As the Cavaliers demonstrate, corporate sponsorships generate a create deal of revenue. And, in fact, the sports world has seen a steady rise in sponsorships since 2009. Globally, it’s a huge market, and the sports sector is expected to continue to dominate the North American sponsorship market in 2017 with projected spend of nearly US$17 billion. But while these corporate sponsorships can mean big money for sports franchises, selling to potential partners is a competitive game, as corporate sponsors seek a bigger bang for their buck.
One way sports organizations can boost revenue from corporate sponsors is to look to the media industry for inspiration. The media business has faced its own challenges as traditional advertising spending has dwindled. In the digital age, it is driving revenue by demonstrating to advertisers the return on investment (ROI) they get for their spending, as well as unlocking new revenue streams by letting advertisers directly engage with their target audience.
Change the rules of the game
One example comes from traditional newspapers, many of which are taking a more direct, online approach to help advertisers connect with their readers. The Wall Street Journal, for example, launched WSJ+, which provides exclusive events and opportunities for its members to meet editors and outside influencers.
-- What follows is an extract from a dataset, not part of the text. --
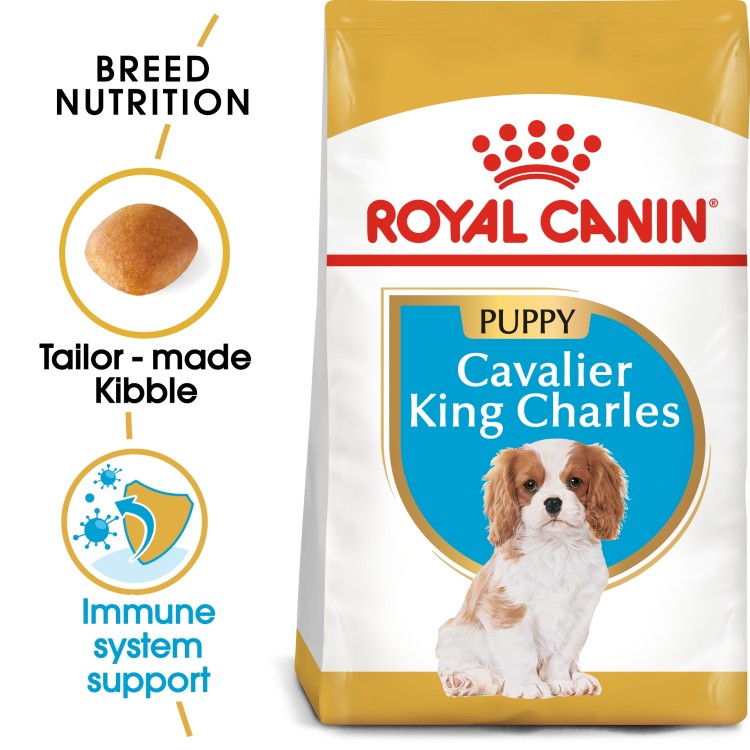 Breed Health Nutrition Cavalier King Charles Puppy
These experiences help grow engagement, and members can access quality content on any platform.
Meanwhile, the Globe and Mail newspaper is leveraging its knowledge from the traditional newsroom to help advertisers more directly engage with subscribers through its content marketing arm, Edge. Its strategists, data scientists and producers work with brands to understand how content connects with target consumers.
Sport organizations should look at these types of vehicles for inspiration to expand the value of corporate partnerships. How can they help their major sponsors better understand their target audience? How can they go beyond displaying a corporate logo and help partner brands understand the broader consumer behavior of fans? One approach is to use platforms that enable sponsors to engage with sports fans directly. An engagement platform can help both teams and advertisers build a stronger relationship with fans and get insight on how corporate partners can more successfully market their products and services.
Know the players
Just as advertisers are demanding more from media companies, corporate sponsors want more from sports organizations. ROI is no longer just about brand awareness; rather, corporate sponsors are looking to sports organizations to help them create a deeper relationship with customers.
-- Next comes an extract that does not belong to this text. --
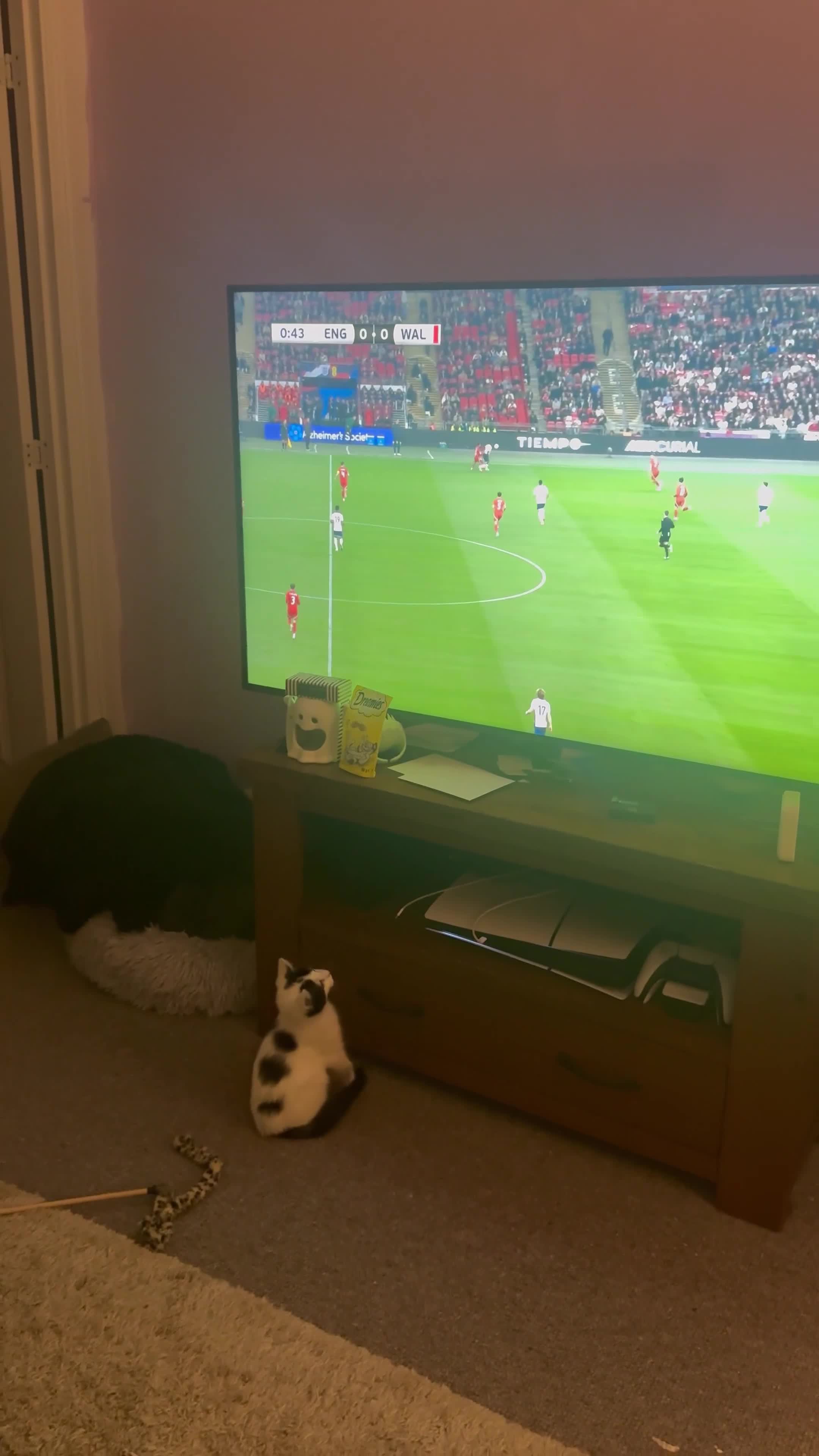 Mixed Breed cats for sale: Two kittens need new home - Video 1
Condé Nast’s Allure magazine has not only boosted its revenue and brand credibility by tapping into customer intelligence, but by helping partners deliver better products as well. It gives partners access to insight from Allure Beauty Enthusiasts, an insight community of 40,000 Allure readers, so they can get ideas on how to improve products before they go to market.
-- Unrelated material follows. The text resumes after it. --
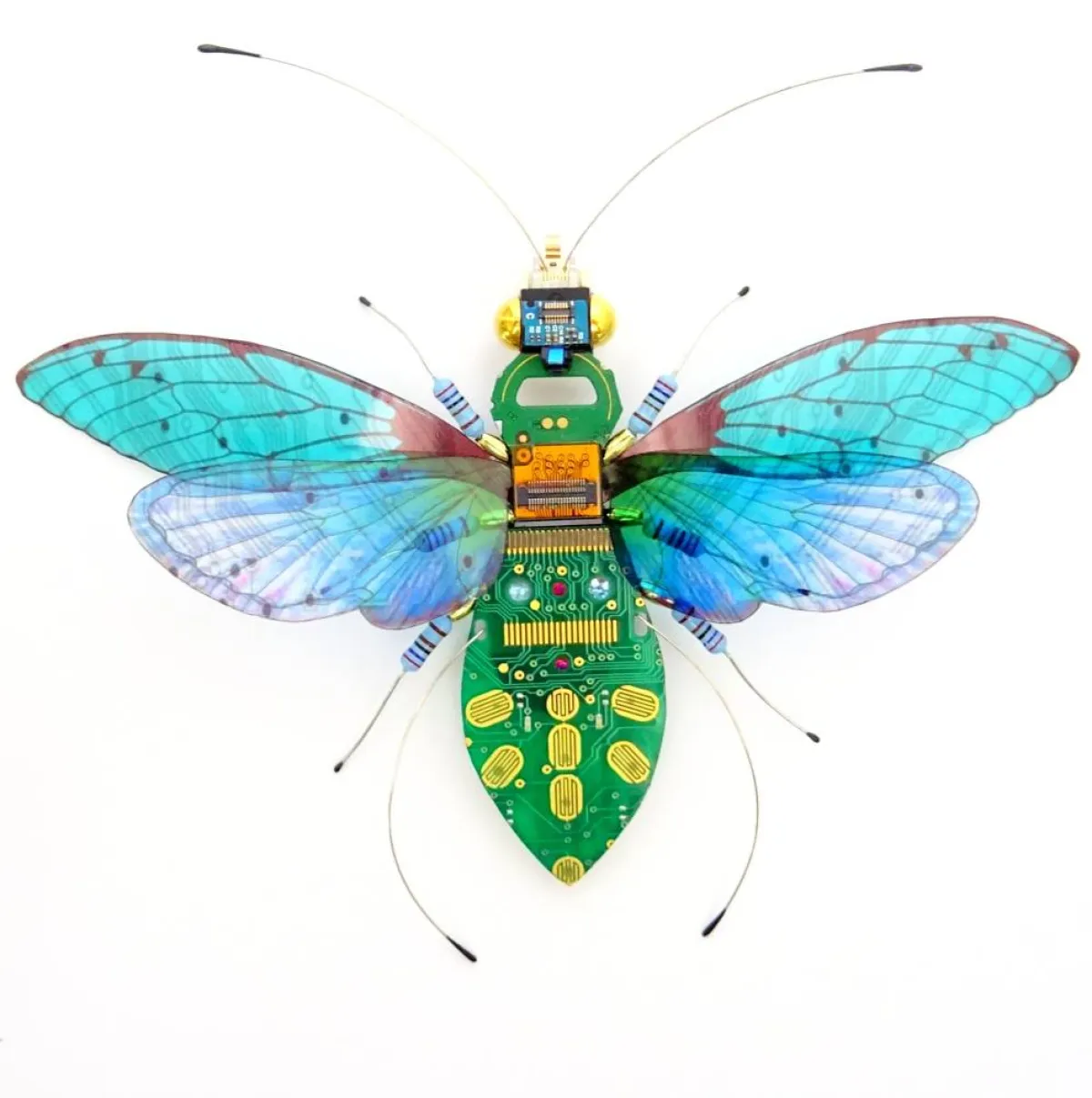 حشرات مجنحة معاد تدويرها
Similarly, sport organizations can help corporate sponsors gather feedback through online community engagement on products and services that are likely to be of interest to the fan base. Hypothetically, the Cavs could help Goodyear improve their tires and related products through online, collaborative engagement.
Help them score
Sports organizations need to provide a detailed play-by-play of the ROI to their corporate sponsors, and who better to learn from than a cable sports network?
Global sports broadcaster ESPN is competing in a crowded media landscape, and providing clear ROI is how it found a competitive advantage to court advertisers and corporate partnerships. Like Allure, it created an insight community, dubbed the Fan Forum. It provides ongoing, actionable insight from ESPN audience members. But more importantly, it has changed the dynamic between ESPN and advertisers.
ESPN is no longer just selling space so advertisers can get click-throughs. Instead, it truly teams up with advertisers to build, test, launch and conduct post-launch analysis through the Fan Forum. In many cases, the insight community replace advertisers’ internal studies, which is a significant cost-saving opportunity for partners and a powerful selling proposition for ESPN’s sales team.
Sports organizations need look beyond corporate sponsorships as just a means to give them space and eyeballs on their corporate logo. Rather, they should steal a page from the playbooks of the media business to tap into the voice of fans and team up with sponsors to simultaneously enhance corporate partnerships and boost revenue.